La réalité de la comptabilité
Voici la partie que les plateformes n'incluent pas dans leurs présentations marketing. Un investisseur en VOO qui adopte une stratégie d'achat et de conservation effectue peut-être quatre transactions par an — les réinvestissements trimestriels de dividendes. Un compte d'indexation directe génère des centaines, voire des milliers de transactions au niveau des lots par an sur des centaines de symboles boursiers.
Votre formulaire 1099-B n'est plus un document d'une page. Il devient un document de 20 à 50 pages. Le formulaire 8949 — où chaque cession dispose de sa propre ligne — explose en conséquence. Le suivi des ventes wash, la réconciliation du prix de base et la coordination entre les comptes deviennent un véritable travail.
C'est là que la comptabilité en texte brut prouve son utilité. Une comptabilité précise par lot n'est pas facultative lorsque vous récoltez des pertes au niveau des constituants — chaque prix de base, chaque date de lot, chaque ajustement de vente wash doit être suivi avec précision, sous peine de manquer des pertes (laissant de l'argent sur la table) ou de les compter deux fois (invitant un avis de l'IRS).
Blindez vos registres au niveau des lots
Un CGS en indexation directe peut générer plus de mille lots fiscaux individuels par an — et chaque vente wash, chaque titre de remplacement, chaque perte récoltée doit être suivi au niveau du lot. Beancount.io propose une comptabilité en texte brut qui modélise nativement le prix de base par lot avec des annotations {prix, date}, important les fichiers CSV des courtiers sans perdre l'identité des lots. Résultat : une transparence totale, aucune dépendance à l'égard d'un fournisseur et des rapports fiscaux que vous pouvez générer par programme plutôt que de les réconcilier manuellement. Commencez gratuitement et découvrez pourquoi les investisseurs aux portefeuilles complexes passent à la comptabilité en texte brut capable de suivre le volume de transactions généré par l'indexation directe.
Perspectives 2026
L'indexation directe est en plein essor. Cerulli prévoit 800 milliards de dollars d'actifs d'ici la fin de l'année, avec une croissance annuelle composée (TCAC) de 12,3 % — plus rapide que les ETF, les fonds communs de placement ou toute autre catégorie de CGS. Seuls environ 14 % des conseillers l'utilisent actuellement, ce qui signifie que la marge de progression est importante.
Les tendances phares à surveiller :
- Optimisation pilotée par l'IA avec un rééquilibrage quotidien sur l'ensemble des comptes liés, incluant des vérifications automatiques des ventes wash sur l'IRA, le 401(k) et les comptes du conjoint.
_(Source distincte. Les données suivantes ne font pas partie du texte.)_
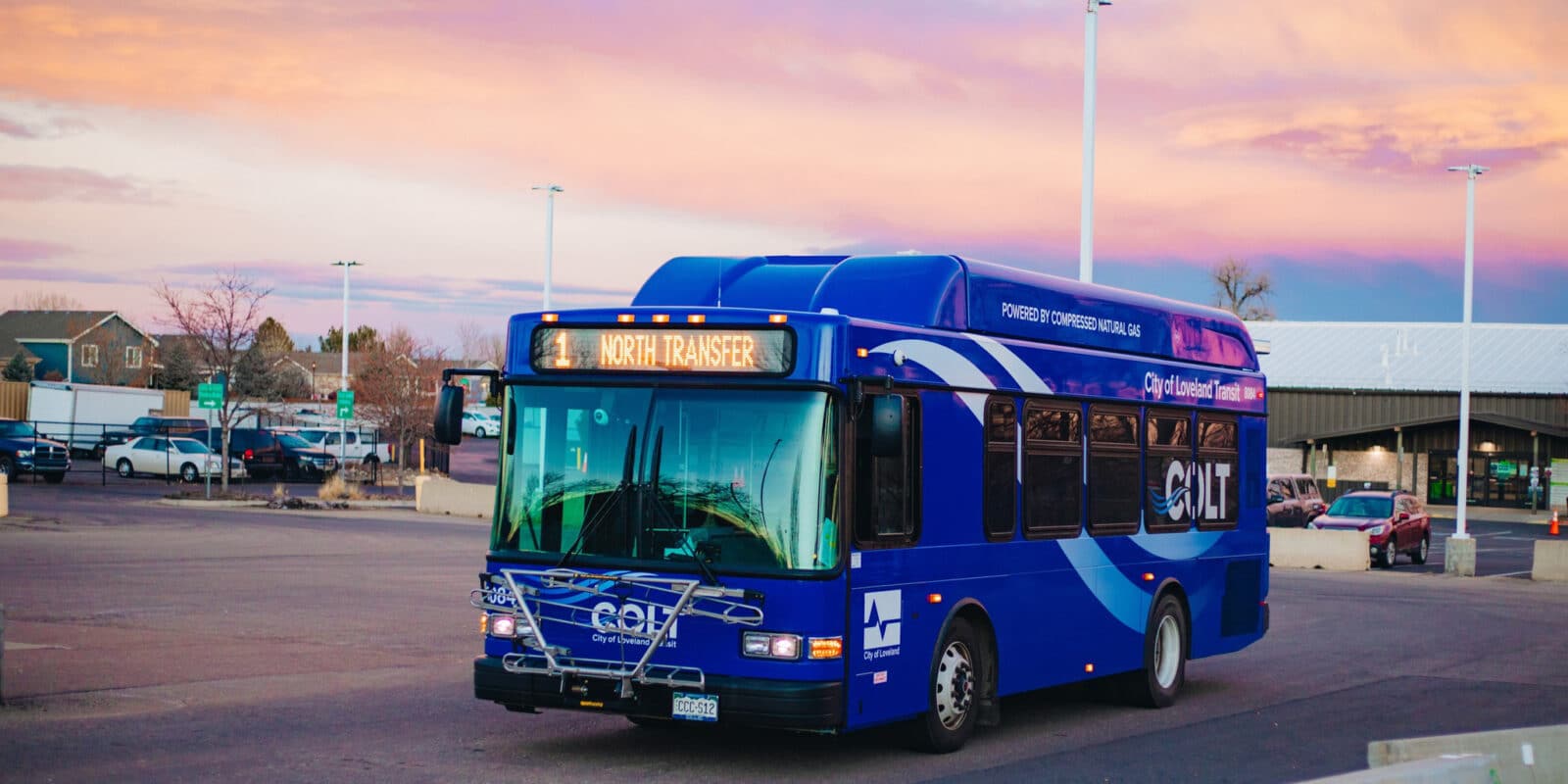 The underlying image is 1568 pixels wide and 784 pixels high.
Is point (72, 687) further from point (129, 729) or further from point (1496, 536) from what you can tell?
point (1496, 536)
Frec, Wealthfront et Mezzi sont en tête.
- Poursuite de la compression des frais. Les 9 points de base de Frec ne sont peut-être pas le plancher.
- Stratégies de couverture fiscale long/short devenant accessibles au marché de masse. Ce qui était autrefois une stratégie AQR avec un minimum de 5 millions de dollars est désormais proposé à 1 million de dollars dans plusieurs établissements.
- Personnalisation ESG et gestion des actions concentrées comme facteurs de différenciation de base.
Si vous avez les revenus, les gains, le taux marginal d'imposition et la discipline comptable pour gérer des centaines de lots par an, l'indexation directe en 2026 est ce qui se rapproche le plus de l'argent gratuit en finance personnelle — limitée seulement par la demi-vie de votre propre prix de base et la règle de la vente wash. Les ETF ne peuvent pas vous offrir cela. Les fonds communs de placement non plus. Seule la détention directe des actions le permet.